Dinner gives audiences food for thought, reflection
The Gazette
 

Seeing Dinner With Friends, the Star Bar Players' excellent new production, is a little like having dinner with friends.

Mind you, these may not be your favorite friends - although Crystal Verdon and David Plambeck as Karen and Gabe make as quietly appealing a stage couple as has appeared in Colorado Springs in a long time.

No, the friends in Donald Margulies' Pulitzer-Prize-winning character study have been through thick and thin together. They're the friends you love dearly even though you no longer have much in common. 
  
The main action of Dinner With Friends occurs before the play begins: Tom has left Beth. The first thing we see is Karen and Gabe excitedly describing their trip to Italy to a distracted Beth, who hasn't yet told her best friends.

The play's strength is its honest, realistic characterization and - aside from a thuddingly contrived dream near the end - believable and even hilarious dialogue. Here, it's brought to life by a strong cast in which Plambeck directs as well as acts.

The more judgmental Karen becomes, the most accommodating Gabe gets - or is she reacting to him? What's amazing about Verdon and Plambeck in these roles in that nothing seems amazing. Their interaction has the natural fit of a pair of old shoes, especially in the opening and closing scenes, which convey the impression of a long, pleasant and relatively frictionless life together.

In contrast, "naturalness" is not a word that applies to the relationship between Alysabeth Clements and Mark Hennessy as Beth and Tom. She's prickly and evasive; he's self-righteous, self-absorbed and any number of other hyphenated terms beginning with "self." Their relationship - what we see of it, in a brilliantly realized fight scene - suggest nothing so much as cobra and mongoose.
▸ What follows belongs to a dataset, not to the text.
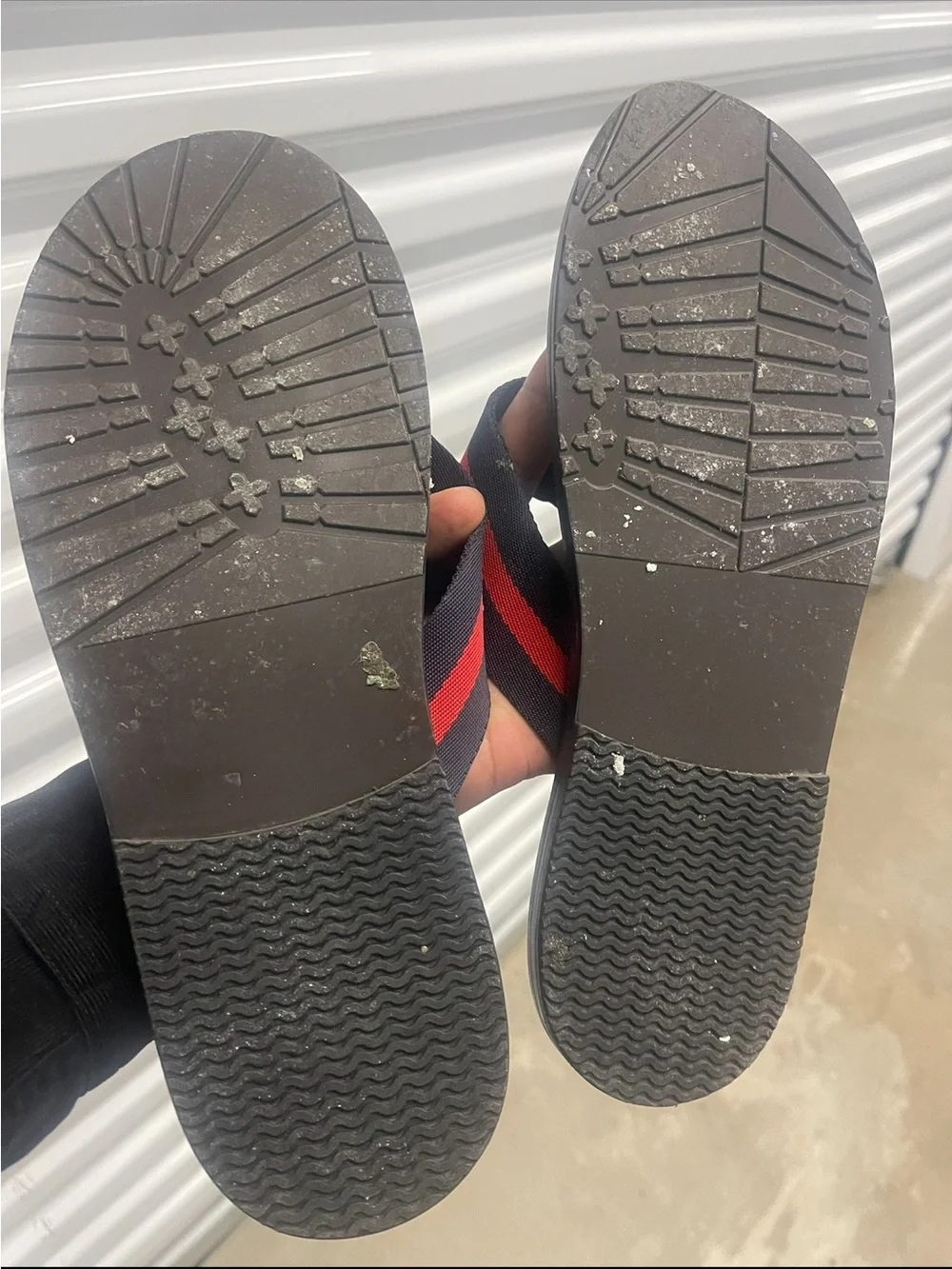 Navy Flip Flop Sandals with Red Stripe Sz 11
Even the end of a marriage that was probably a mistake in the first place, though, has enormous consequences on the various friendships. "It's like a death, isn't it?" Gabe asks.

Margulies takes what easily could be a collection of clichés voiced by a group of stereotypes and creates something fresh, compelling and believable. Instead of creating complex characters, he creates relatively simple characters and allows complexity to flow naturally from their relationships.

Be forewarned: The play's accuracy and insight into human relationships make it one of the worst date plays ever written.

To those what haven't experienced marriage, even Gabe and Karen will seem like delusional, rationalizing compromisers, their marriage a duet to the tune of "Is That All There Is?"

Those of us who know better - or are at least determined not to admit our rationalizations and delusions, even to ourselves - will see our friends, and ourselves, affectionately recreated on stage.

Meanwhile, at the end of another strong season, the Star Bar Players remain the Colorado Springs' theater scene's answer to Rodney Dangerfield.

No respect at all.

Opening night was marred by a fashion show rehearsal in the nearby auditorium (although the extraneous noise actually went well with Tom and Gabe's bar scene). One of last week's performances had to be rescheduled because of a Battle of the Mariachi bands.

Unfortunately, such events are the norm for this excellent community theater group.